The outcome ofhepatitis B (HBV) infection is influenced by immune responses and host genetics. Interleukin-18 (IL-18) is a determinant factor in controlling the balance of Th1/Th2 during antiviral response.Weexamine therole of two functional polymorphisms -607A/C and-137A/C inIL-18 gene with risk of chronic HBV infection.

Methods and Results

Genomic DNA isolates were obtained from 200 seropositive cases stratified according to their HBV DNA loads, and 200 blood donorsas a control population. Genotypes of the two polymorphisms were identified by ARMS-PCR method. The -607A allele, the-607AA and -607AC genotypes were associated with increased risk to develop chronic HBV infection (1.98, 5.11 and 3.5-fold risks, respectively). By contrast, the -137C minor allele and CG genotype had protected effects against chronic HBV infection.

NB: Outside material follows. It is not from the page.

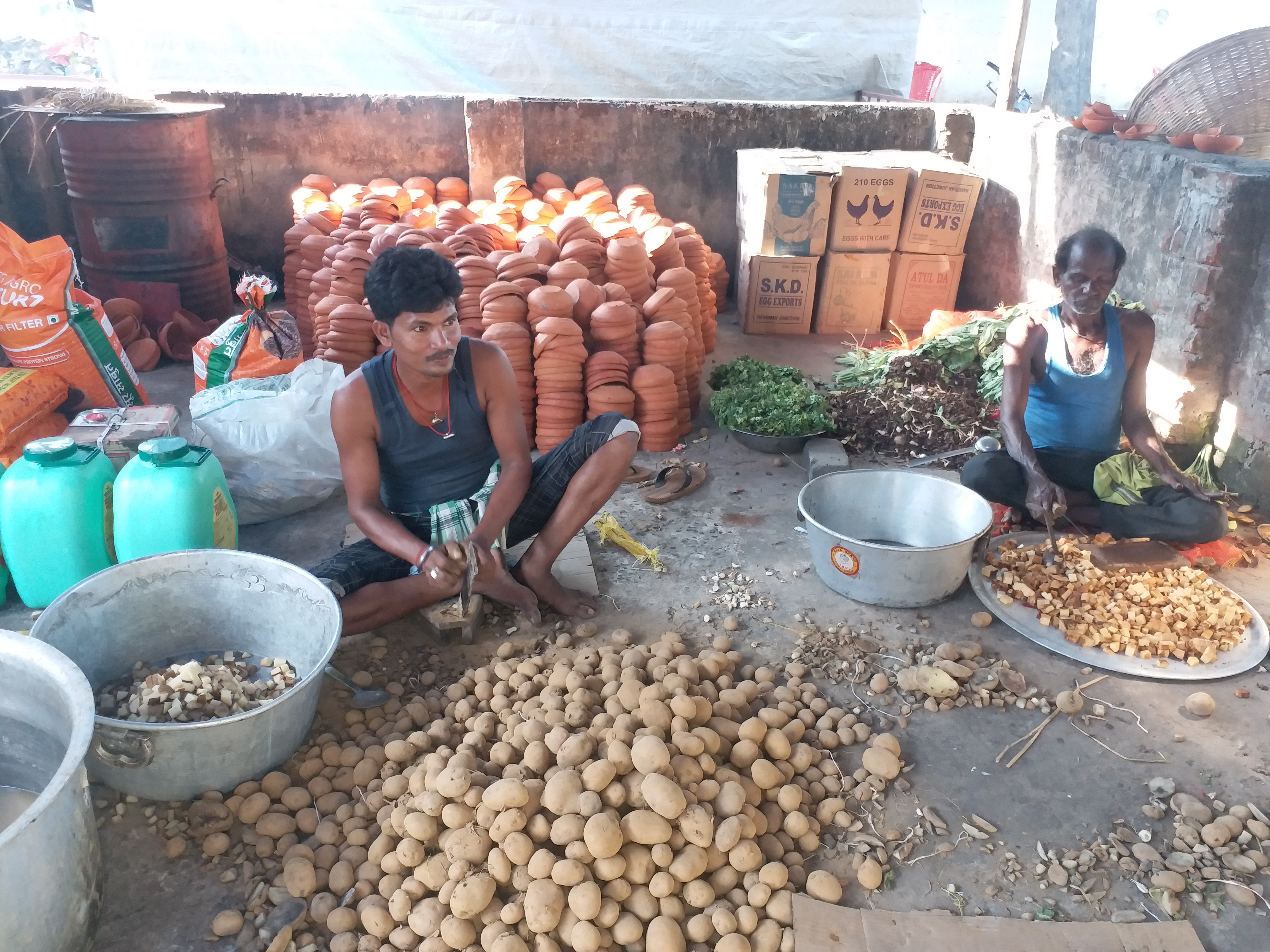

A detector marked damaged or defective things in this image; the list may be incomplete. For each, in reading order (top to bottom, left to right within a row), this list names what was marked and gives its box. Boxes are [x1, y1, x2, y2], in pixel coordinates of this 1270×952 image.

rusty barrel [57, 113, 233, 325]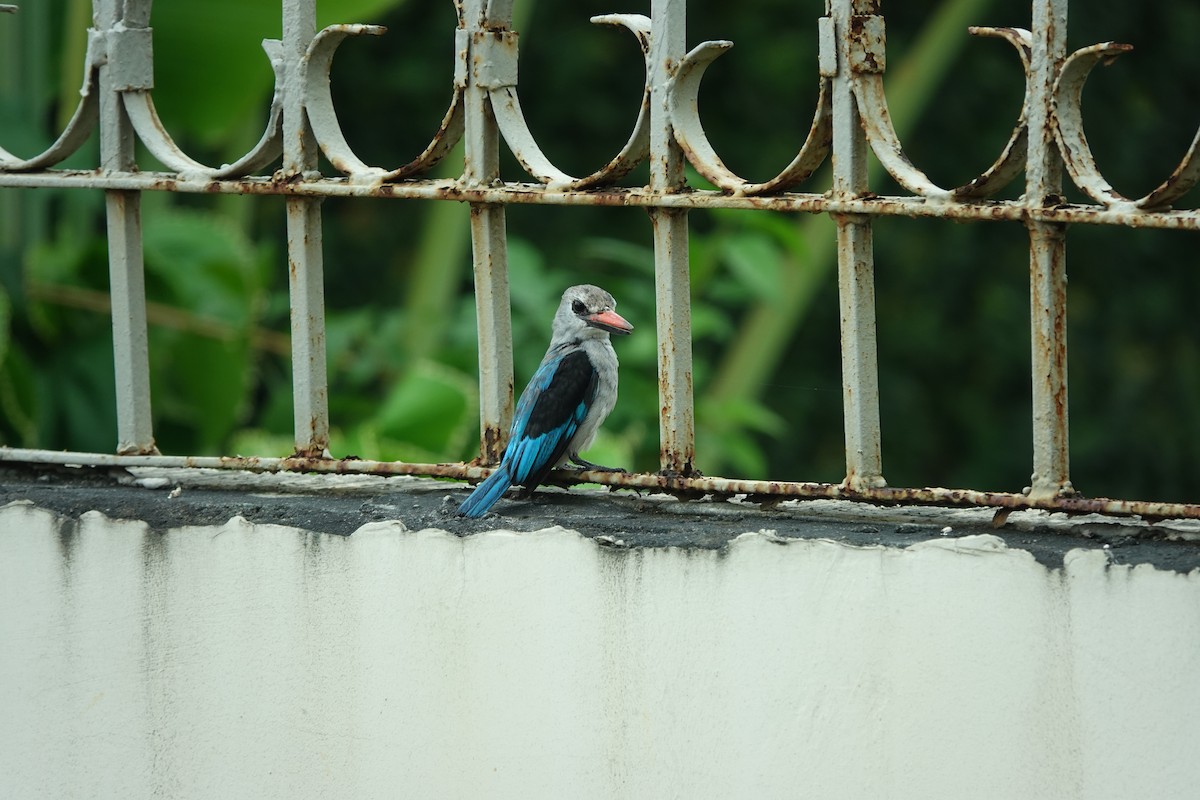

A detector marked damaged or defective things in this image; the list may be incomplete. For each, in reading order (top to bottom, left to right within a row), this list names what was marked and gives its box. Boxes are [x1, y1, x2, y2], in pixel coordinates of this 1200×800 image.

rusty iron fence [2, 0, 1200, 520]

We found that -607A allele, -607AA and -607AC genotypes were significantly more frequent in patient’s group with high HBV DNA levels compared to patient group with low HBV DNA level. Additionally, they were associated with increased 1.72, 6.04 and 3.28-fold risk of high HBV DNA replication.

Patients carrying “-607A/-137 C” or “-607A/−137 G” haplotypes presented a high risk to develop chronic HBV infection (OR = 3.27; OR = 4.32, respectively).

Conclusions

Taken together, our data suggest that theIL-18 -607A/C functional polymorphism was associated with susceptibility to enhanced replicative form of HBV DNA in chronic infection.

中文翻译：

IL-18 变异增加慢性肝炎中 HBV DNA 复制增强的风险

背景

乙型肝炎 (HBV) 感染的结果受免疫反应和宿主遗传的影响。白细胞介素18（IL-18）是抗病毒反应过程中控制Th1/Th2平衡的决定因素。我们研究IL-18基因中两个功能多态性-607A/C和-137A/C与慢性HBV感染风险的作用.

方法和结果

基因组 DNA 分离物是从 200 个血清阳性病例中获得的，这些病例根据其 HBV DNA 负荷分层，200 名献血者作为对照人群。两种多态性的基因型通过ARMS-PCR方法进行鉴定。-607A 等位基因、-607AA 和 -607AC 基因型与慢性 HBV 感染风险增加相关（风险分别为 1.98、5.11 和 3.5 倍）。相比之下，-137C 次要等位基因和 CG 基因型对慢性 HBV 感染具有保护作用。

我们发现-607A 等位基因、-607AA 和-607AC 基因型在高HBV DNA 水平的患者组中比低HBV DNA 水平的患者组更常见。此外，它们与高 HBV DNA 复制的风险增加 1.72、6.04 和 3.28 倍相关。

携带“-607A/-137 C”或“-607A/-137 G”单倍型的患者发生慢性HBV感染的风险很高（分别为OR = 3.27；OR = 4.32）。